Centre Co-lead; Hans Rausing Professor of the History of Science and Technology

David Edgerton is Hans Rausing Professor of the History of Science and Technology, and Professor of British Modern History at the Department of History, King's College London. David Edgerton is a historian of science and technology and of twentieth-century Britain. His work rethinks the ways we think about the past of science and technology, and suggests frameworks in which it becomes possible for the history of science and technology to contribute to rethinking their historical context. He is particularly known for a new account of science, technology and the state, for advocating a non-innovation-centric approach to the history of technology and for a remapping of the history of science to avoid taking a small part of academic research as the whole.
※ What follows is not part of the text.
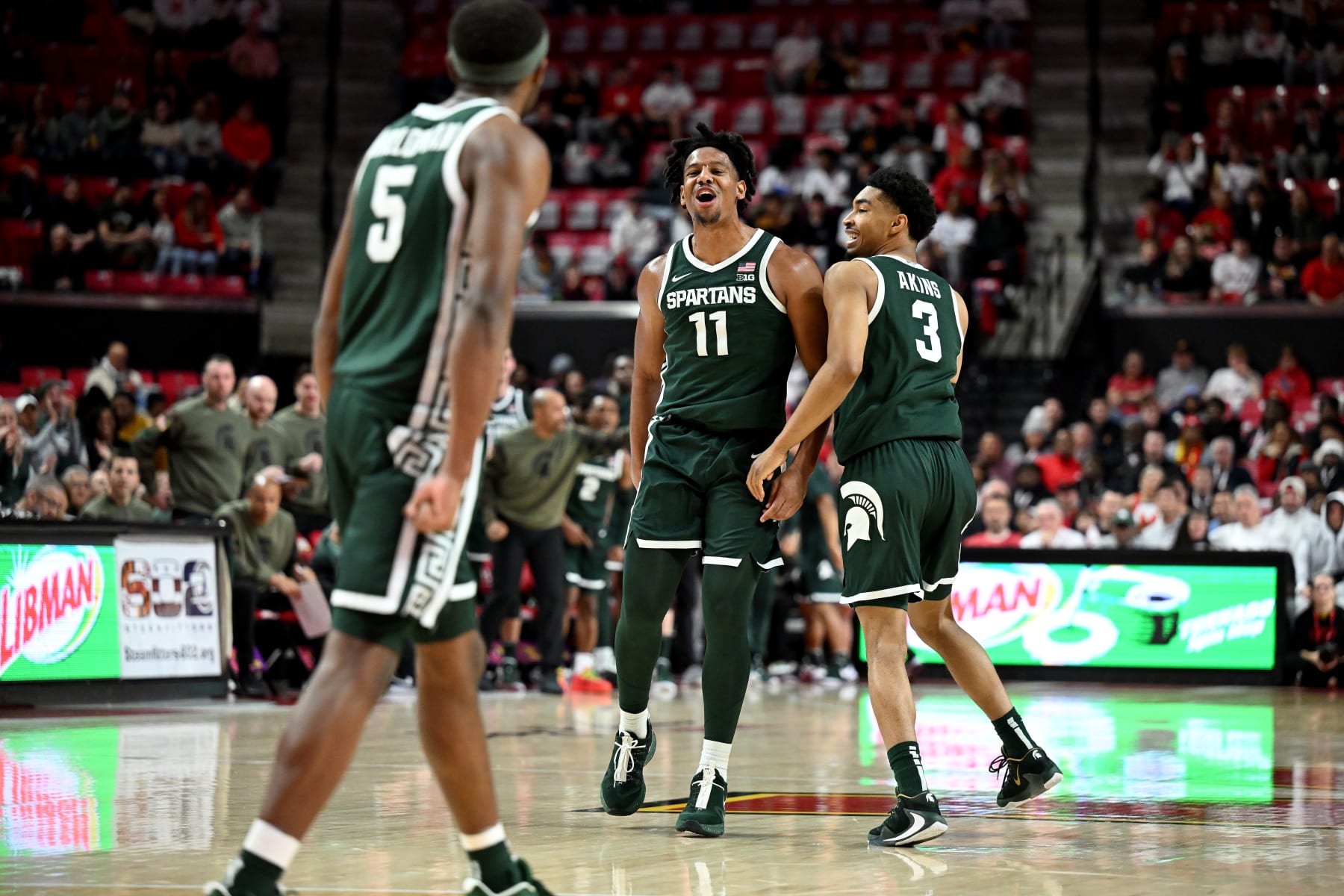 COLLEGE PARK, MARYLAND - JANUARY 21: A.J. Hoggard #11 of the Michigan State Spartans celebrates with Jaden Akins #3 during the game against the Maryland Terrapins at Xfinity Center on January 21, 2024 in College Park, Maryland. (Photo by G Fiume/Getty Images)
He has written a number of books which put new histories of science and technology into twentieth-century British and global history, changing those histories in the process.  Among them are Warfare State: Britain 1920-1970 (2005) and The Shock of the Old: Technology and Global History since 1900 (2006 and 2019). They have been translated into French, Spanish, Chinese, Korean and Japanese. He has also written on the history and political economy of research policy and been engaged in discussion on contemporary research policy with parliament, government departments and learned societies.  He appears regularly on TV and radio and has written for many journals and newspapers including Nature, BMJ, Research FortnightFinancial Times, The Times, Observer, Guardian, New Statesman, Spectator, Literary Review and the London Review of Books.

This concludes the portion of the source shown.